(Supplied data Opens)

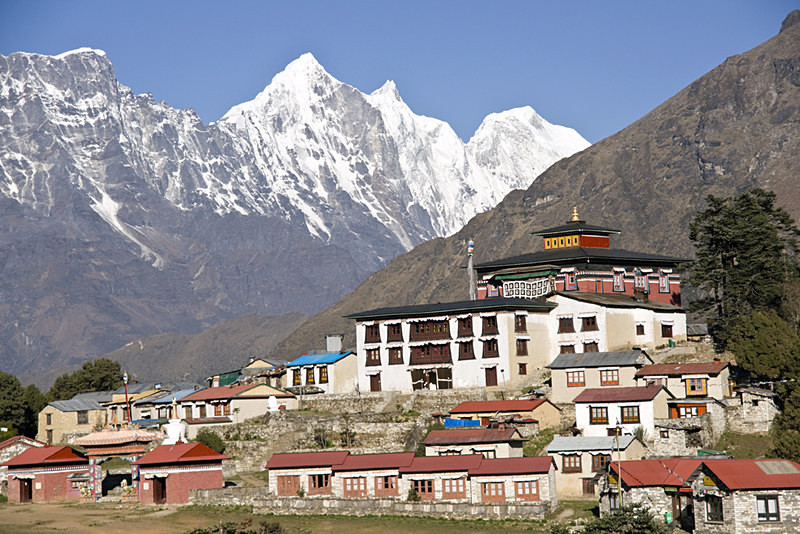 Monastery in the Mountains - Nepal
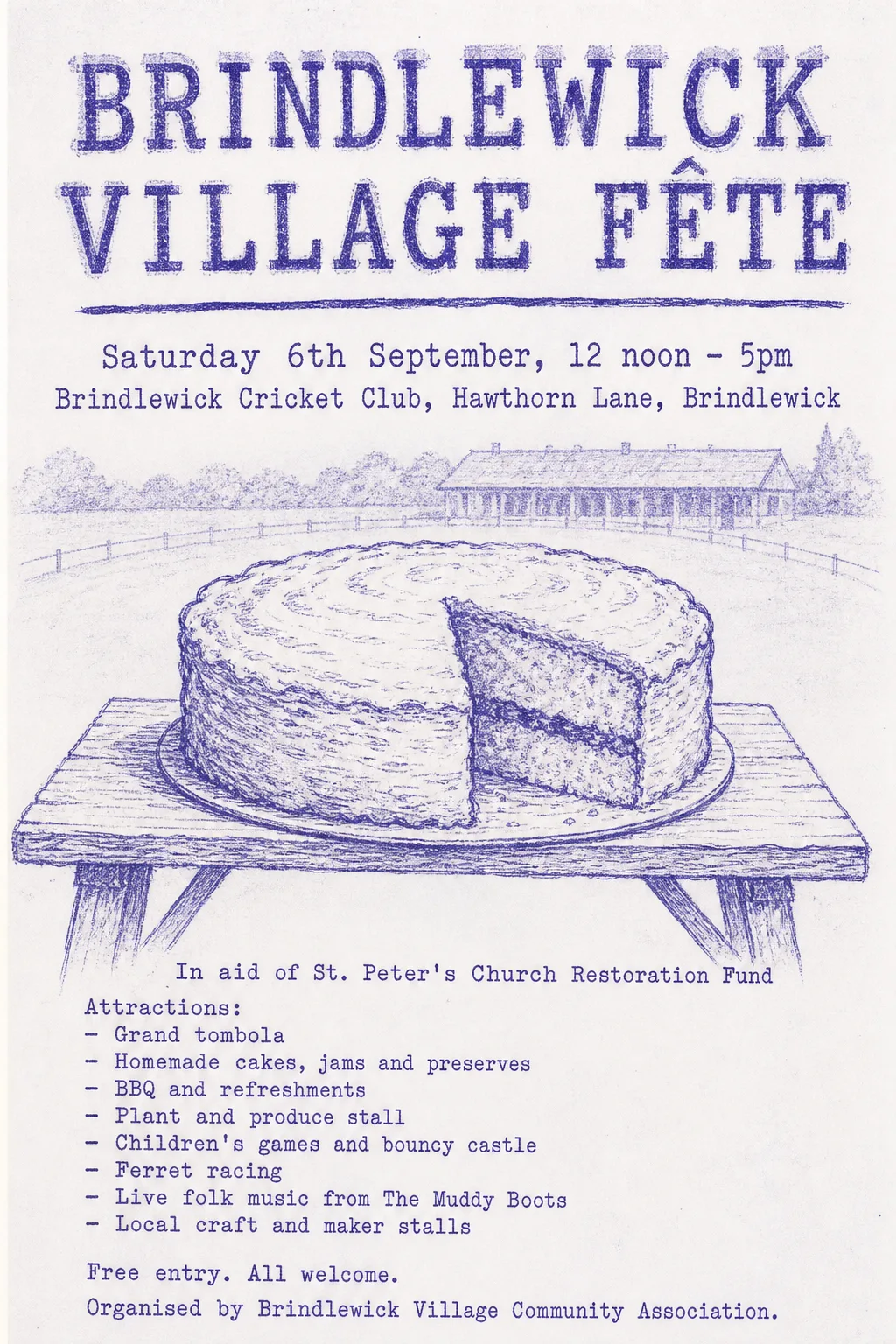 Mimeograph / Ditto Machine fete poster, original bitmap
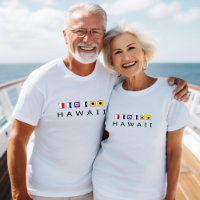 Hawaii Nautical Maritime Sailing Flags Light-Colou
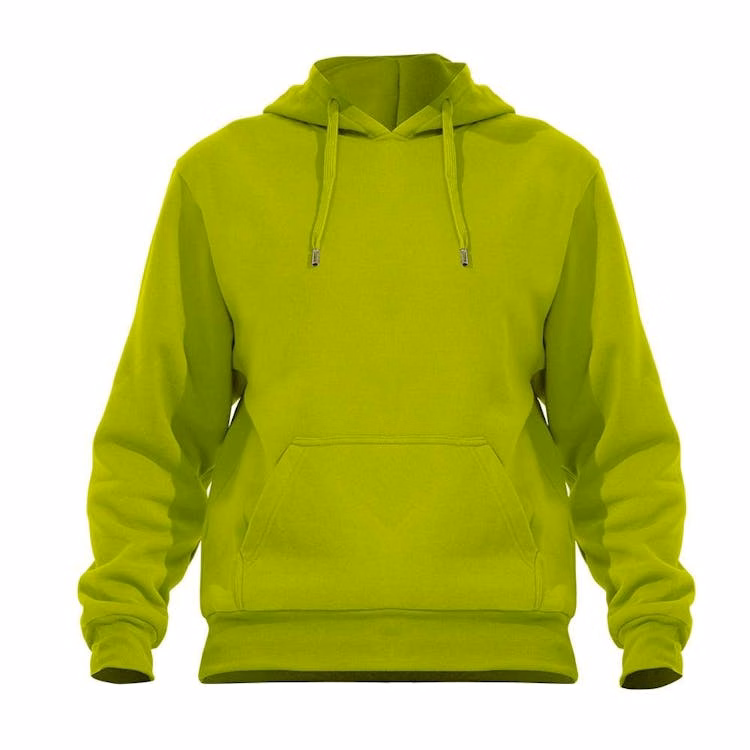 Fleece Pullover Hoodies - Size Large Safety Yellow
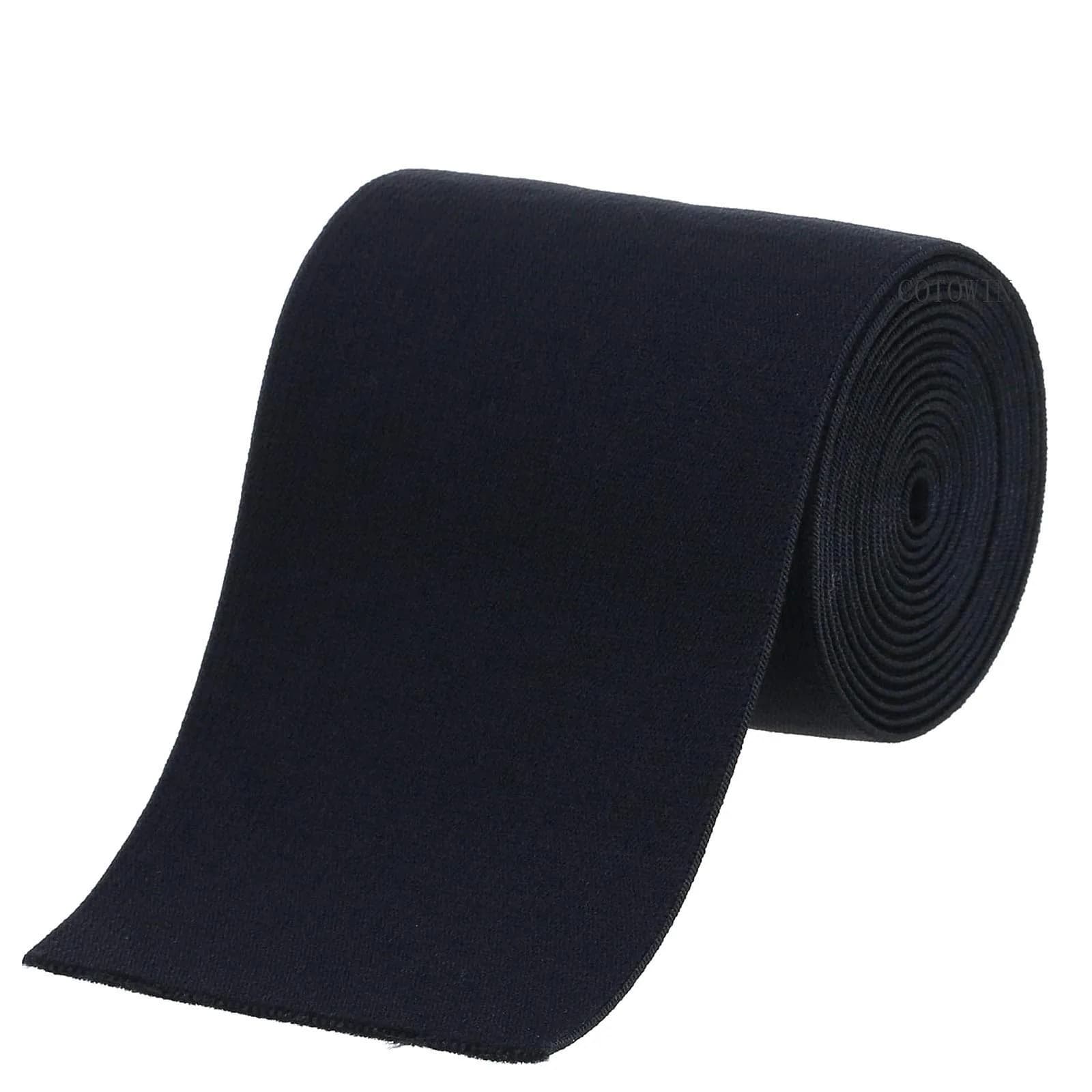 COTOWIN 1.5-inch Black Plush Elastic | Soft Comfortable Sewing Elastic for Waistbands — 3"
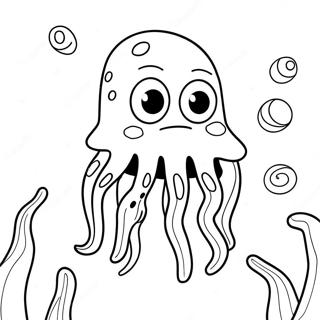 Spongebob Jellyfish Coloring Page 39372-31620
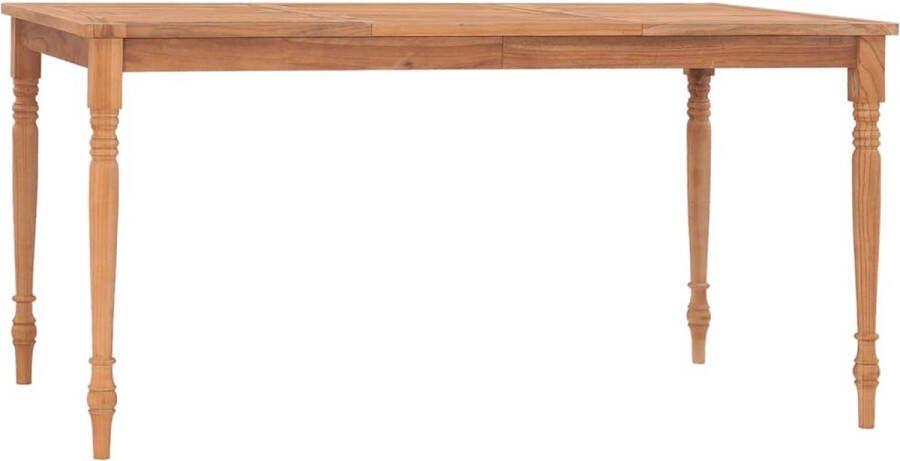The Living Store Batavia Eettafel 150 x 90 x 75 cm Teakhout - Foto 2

(Supplied data Closes)
(Supplied data Opens)

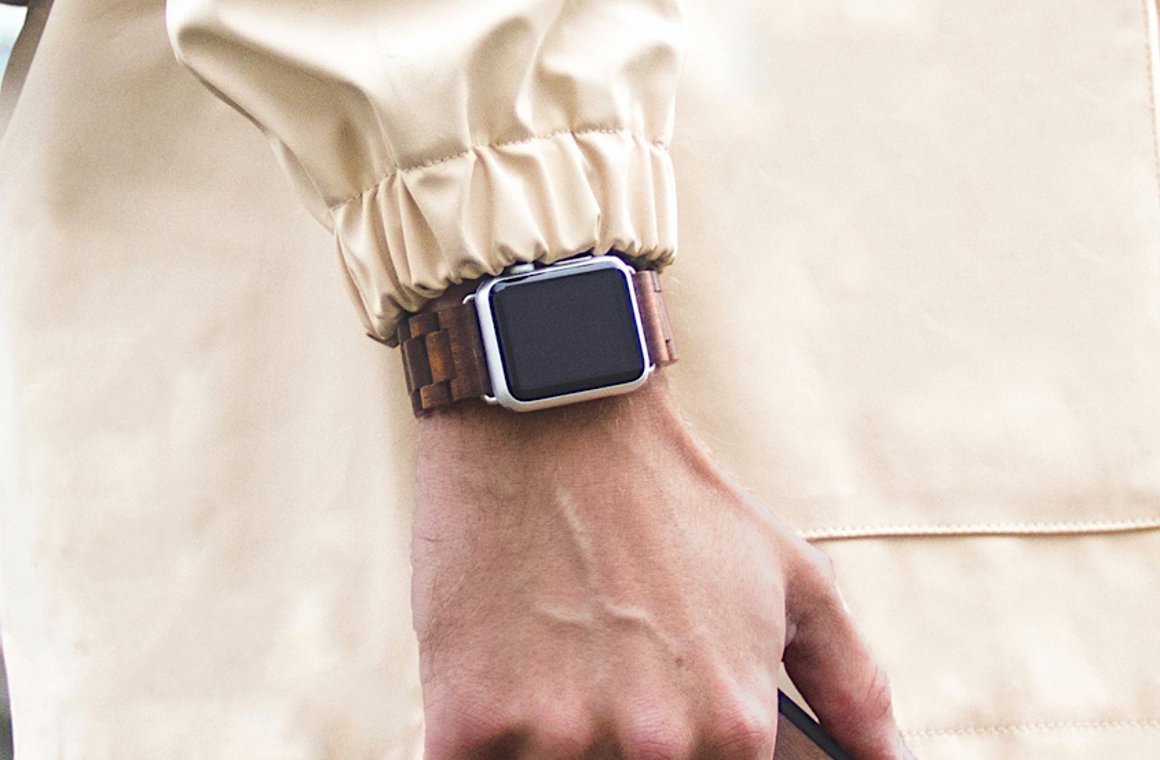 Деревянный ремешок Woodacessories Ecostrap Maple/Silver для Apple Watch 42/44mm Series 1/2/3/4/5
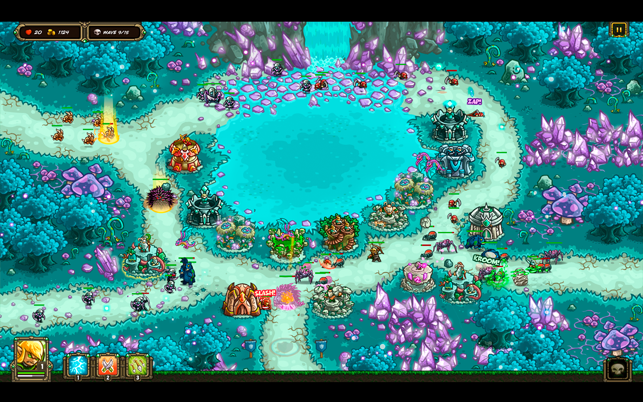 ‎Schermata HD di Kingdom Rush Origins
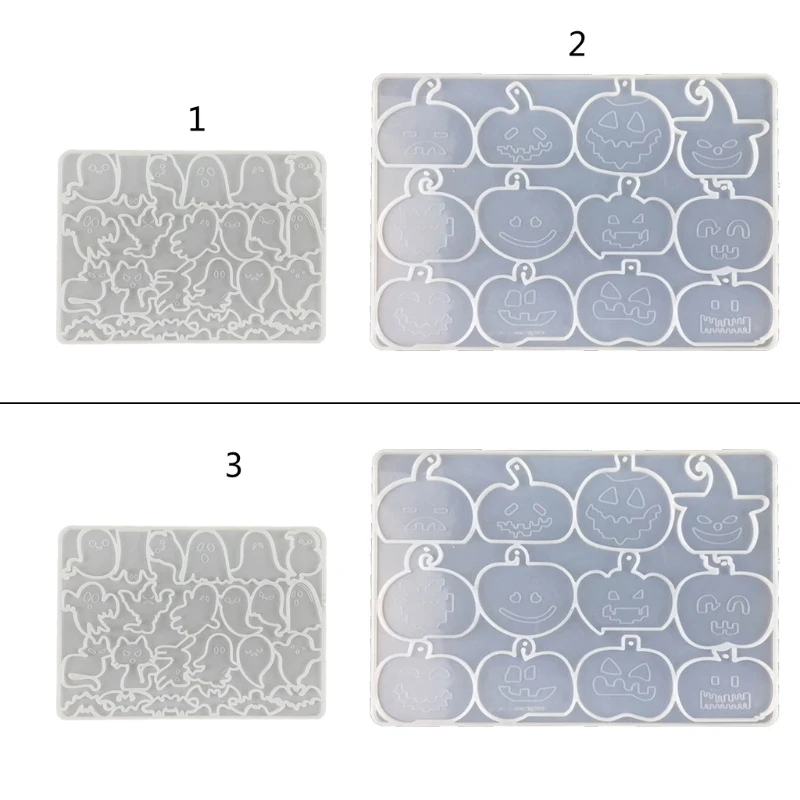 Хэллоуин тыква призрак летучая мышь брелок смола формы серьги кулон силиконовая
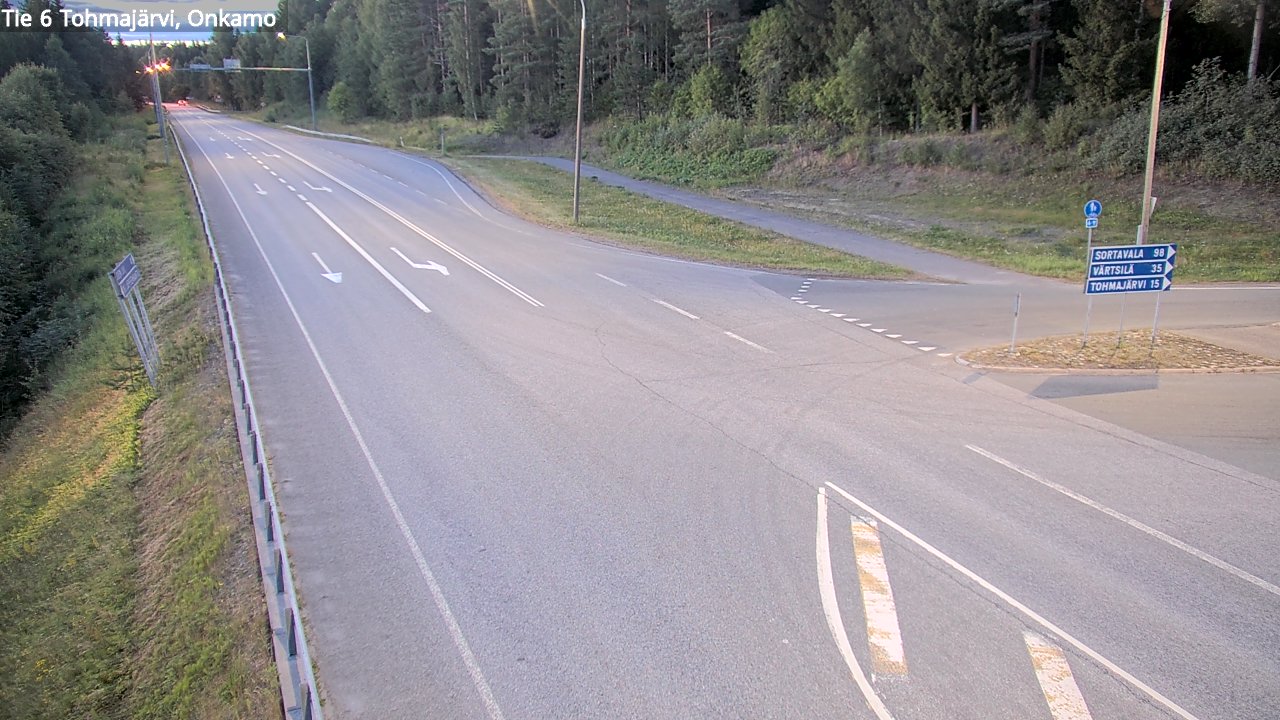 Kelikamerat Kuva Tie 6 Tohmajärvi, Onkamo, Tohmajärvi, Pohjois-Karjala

(Supplied data Closes)

What the exercise asks
Please return the data above exactly as it stands from the line with "Monastery in the Mountains - Nepal" to the line with "The Living Store", keeping both of those lines but none of the pictures.

Response area
 Monastery in the Mountains - Nepal
 Mimeograph / Ditto Machine fete poster, original bitmap
 Hawaii Nautical Maritime Sailing Flags Light-Colou
 Fleece Pullover Hoodies - Size Large Safety Yellow
 COTOWIN 1.5-inch Black Plush Elastic | Soft Comfortable Sewing Elastic for Waistbands — 3"
 Spongebob Jellyfish Coloring Page 39372-31620
The Living Store Batavia Eettafel 150 x 90 x 75 cm Teakhout - Foto 2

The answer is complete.